Abbau von bürokratischen Hürden

Das folgende Beispiel könnte nicht anschaulicher sein: Dreizehn Hausärzte wollen die Bioverfügbarkeit von zugeführtem Vitamin-D testen. Sie machen einen Selbstversuch, stellen die Resultate vor und werden gebüsst. Sie hatten nicht die richtigen Bewilligungen. Sie hätten den Versuch nicht durchführen dürfen.12

Die geltenden Regeln führen nicht dazu, dass geplante Versuche besser durchgeführt werden, sondern, dass die Versuche überhaupt nicht durchgeführt werden.

Kein Wissenszuwachs. Kein Abbau der Unsicherheit. Kein Fortschritt.

Die Studiendurchführung kann sich wegen den Kosten praktisch nur noch die Pharmaindustrie leisten. Und die Pharmaindustrie führt natürlich nur Studien durch, die in ihrem Interesse sind.

Es herrscht gerade zu eine paradoxe Situation. Ärzte dürfen alles verschreiben (Off-Label-Therapie) (was nicht schlecht ist). Doch wenn sie es zusätzlich testen wollen, ist es nicht mehr erlaubt (oder durch grosse bürokratische Hürden stark behindert).

Entscheidungen in der Medizin aufgrund von verlässlichen, wissenschaftlichen Daten wird als Evidenzbasierte Medizin (EBM) bezeichnet. Doch mangels Daten scheint die Evidenzbasierte Medizin auf halbem Weg stecken geblieben zu sein.

Kurz: Die Durchführung von einfachen medizinischen Tests ist zu kompliziert. Sie muss einfacher werden.

Die Forderungen sind:1

  • Pro Studie eine zuständige Ethikkommission, nicht mehr ein Dutzend Ethikkommissionen.
  • Vereinfachungen bei bereits zugelassenen Medikamenten
  • Vereinfachungen bei harmlosen Tests
  • Angebot von praxisrelevanten Kursen zur Studiendurchführung, z.B. an Ärztekongressen
  • Einfache Formulare für Studienteilnehmereinverständnis
  • Einfacher Abschluss von Studienhaftpflichtversicherungen
  • Vergünstigungen für nicht-kommerzielle Studien

Der Schutz der Studienteilnehmer soll und wird durch diese Massnahmen nicht verringert. Die Studien sollen nach wie vor überwacht werden. Die Information und Einverständnis des Patienten bleibt eine Voraussetzung.

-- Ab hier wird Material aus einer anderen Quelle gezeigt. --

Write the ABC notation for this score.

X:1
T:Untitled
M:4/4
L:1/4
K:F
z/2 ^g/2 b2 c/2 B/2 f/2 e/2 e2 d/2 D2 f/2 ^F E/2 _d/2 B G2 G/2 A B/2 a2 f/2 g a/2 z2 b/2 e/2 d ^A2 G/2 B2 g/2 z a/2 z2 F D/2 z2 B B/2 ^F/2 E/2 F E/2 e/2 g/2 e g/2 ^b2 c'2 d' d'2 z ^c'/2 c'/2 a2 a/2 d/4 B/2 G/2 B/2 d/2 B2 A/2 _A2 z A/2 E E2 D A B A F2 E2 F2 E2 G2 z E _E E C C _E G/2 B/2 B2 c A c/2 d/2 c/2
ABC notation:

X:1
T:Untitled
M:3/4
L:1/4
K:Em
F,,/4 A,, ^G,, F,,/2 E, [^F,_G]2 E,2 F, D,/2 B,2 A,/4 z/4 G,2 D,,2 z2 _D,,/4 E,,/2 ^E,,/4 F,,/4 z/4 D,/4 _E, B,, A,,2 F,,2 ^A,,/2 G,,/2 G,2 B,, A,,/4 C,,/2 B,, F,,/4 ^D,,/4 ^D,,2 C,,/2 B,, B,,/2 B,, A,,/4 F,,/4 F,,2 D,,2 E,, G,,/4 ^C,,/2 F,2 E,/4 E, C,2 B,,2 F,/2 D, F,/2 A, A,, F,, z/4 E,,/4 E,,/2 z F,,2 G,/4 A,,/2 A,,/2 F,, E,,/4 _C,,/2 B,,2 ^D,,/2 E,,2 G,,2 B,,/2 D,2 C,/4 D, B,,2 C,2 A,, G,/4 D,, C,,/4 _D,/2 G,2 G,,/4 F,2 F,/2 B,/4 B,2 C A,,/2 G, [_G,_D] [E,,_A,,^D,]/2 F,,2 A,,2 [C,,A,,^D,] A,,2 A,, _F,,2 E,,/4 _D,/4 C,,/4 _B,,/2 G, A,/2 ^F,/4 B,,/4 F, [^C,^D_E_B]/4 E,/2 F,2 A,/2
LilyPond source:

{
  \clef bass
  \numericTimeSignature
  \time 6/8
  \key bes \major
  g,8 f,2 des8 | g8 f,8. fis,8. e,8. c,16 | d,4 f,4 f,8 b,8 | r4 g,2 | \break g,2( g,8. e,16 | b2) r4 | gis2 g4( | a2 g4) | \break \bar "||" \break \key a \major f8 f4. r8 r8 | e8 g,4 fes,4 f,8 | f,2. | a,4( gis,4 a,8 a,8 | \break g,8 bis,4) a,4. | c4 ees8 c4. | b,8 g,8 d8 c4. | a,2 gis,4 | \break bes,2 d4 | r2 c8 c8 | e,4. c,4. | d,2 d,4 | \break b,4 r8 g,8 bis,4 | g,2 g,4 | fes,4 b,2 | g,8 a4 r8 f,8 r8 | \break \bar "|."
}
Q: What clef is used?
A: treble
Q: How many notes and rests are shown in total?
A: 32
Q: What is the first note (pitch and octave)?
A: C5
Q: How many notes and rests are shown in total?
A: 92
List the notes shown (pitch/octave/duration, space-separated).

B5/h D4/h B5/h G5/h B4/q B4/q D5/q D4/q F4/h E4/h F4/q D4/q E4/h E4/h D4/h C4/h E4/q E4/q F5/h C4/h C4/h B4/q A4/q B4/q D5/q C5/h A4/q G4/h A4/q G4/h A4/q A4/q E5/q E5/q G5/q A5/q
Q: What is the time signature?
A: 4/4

Diese Forderungen bedeuten keinen Abbau an der wissenschaftlichen Vorgehensweise. Alle Studien sollen auch hier vorgängig registriert und anschliessend publiziert werden.

Studien zur Routine machen

Einen Schritt weiter geht die Idee von Ben Goldacre und seinen Kollegen. Bei jeder Verschreibung, wo zu wenig gesichertes Wissen vorhanden ist, soll beim Arzt auf dem Computer ein rotes Lämpchen aufleuchten und automatisch eine Studienteilnahme vorschlagen.3 Wenn es beispielsweise für die gleiche Diagnose zwei Medikamententypen gibt, aber keine Daten vorhanden sind, welcher Typ besser ist, soll der Typ zufällig gewählt werden. Der Zufall verhindert Verzerrungen (bias), dass z.B. ein Medikament zu Beginn einseitig, z.B. an die «Gesünderen», vergeben wird.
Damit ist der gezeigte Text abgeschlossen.